Barry Bergdoll

UNITED STATES
Abigail R. Cohen Fellow
2022/2023

Out of Site/In Plain View: A History of Exhibiting Architecture Since 1750

This book project grows out of the Mellon Lectures which I presented at the National Gallery of Art in Washington, D.C. in 2013, and which will be published by Princeton University Press. Probably since paper was invented, architects have pinned up drawings for review by patrons, clients, and colleagues. And since at least the 17th century the pin-up has been a feature of architectural training (you can witness it regularly in Avery Hall several times a semester). But the creation of public exhibitions of architecture, with the aims of engaging non-professionals and creating an audience for architecture distinct from the experience of buildings in situ dates only from the second half of the 18th century. Despite the obvious paradox of exhibiting representations of buildings rather than buildings themselves, practices of displaying architecture has grown exponentially in both frequency and variety of approach ever since.

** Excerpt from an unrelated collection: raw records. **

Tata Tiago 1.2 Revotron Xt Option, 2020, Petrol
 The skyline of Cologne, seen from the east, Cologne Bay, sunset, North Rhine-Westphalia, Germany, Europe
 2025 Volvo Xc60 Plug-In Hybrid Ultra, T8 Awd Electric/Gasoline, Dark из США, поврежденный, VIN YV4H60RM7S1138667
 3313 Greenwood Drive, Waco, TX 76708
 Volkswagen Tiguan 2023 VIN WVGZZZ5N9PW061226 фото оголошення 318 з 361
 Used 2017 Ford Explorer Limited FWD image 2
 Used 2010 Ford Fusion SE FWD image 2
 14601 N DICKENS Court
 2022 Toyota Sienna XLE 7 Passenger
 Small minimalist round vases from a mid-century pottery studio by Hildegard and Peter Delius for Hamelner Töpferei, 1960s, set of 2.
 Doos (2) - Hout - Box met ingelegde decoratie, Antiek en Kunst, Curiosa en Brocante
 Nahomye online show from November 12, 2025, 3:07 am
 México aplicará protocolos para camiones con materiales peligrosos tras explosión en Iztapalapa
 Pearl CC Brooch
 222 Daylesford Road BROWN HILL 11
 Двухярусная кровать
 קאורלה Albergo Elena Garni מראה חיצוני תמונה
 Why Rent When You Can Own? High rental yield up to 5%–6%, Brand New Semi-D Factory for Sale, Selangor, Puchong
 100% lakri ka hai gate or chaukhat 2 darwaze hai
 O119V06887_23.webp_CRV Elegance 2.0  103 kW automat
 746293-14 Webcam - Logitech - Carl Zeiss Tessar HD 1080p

In parallel to this project I am completing the publication of the Roman letters of the architect Léon Vaudoyer and beginning work on an exhibition on the drawings of the great theorist and architect of the French Gothic Revival architect Viollet-le-Duc. To that end I will be spending time in the vast collection of his drawings held at the archives of the Commission des Monuments Historiques.

Barry Bergdoll is Meyer Schapiro Professor of Art History, Columbia University.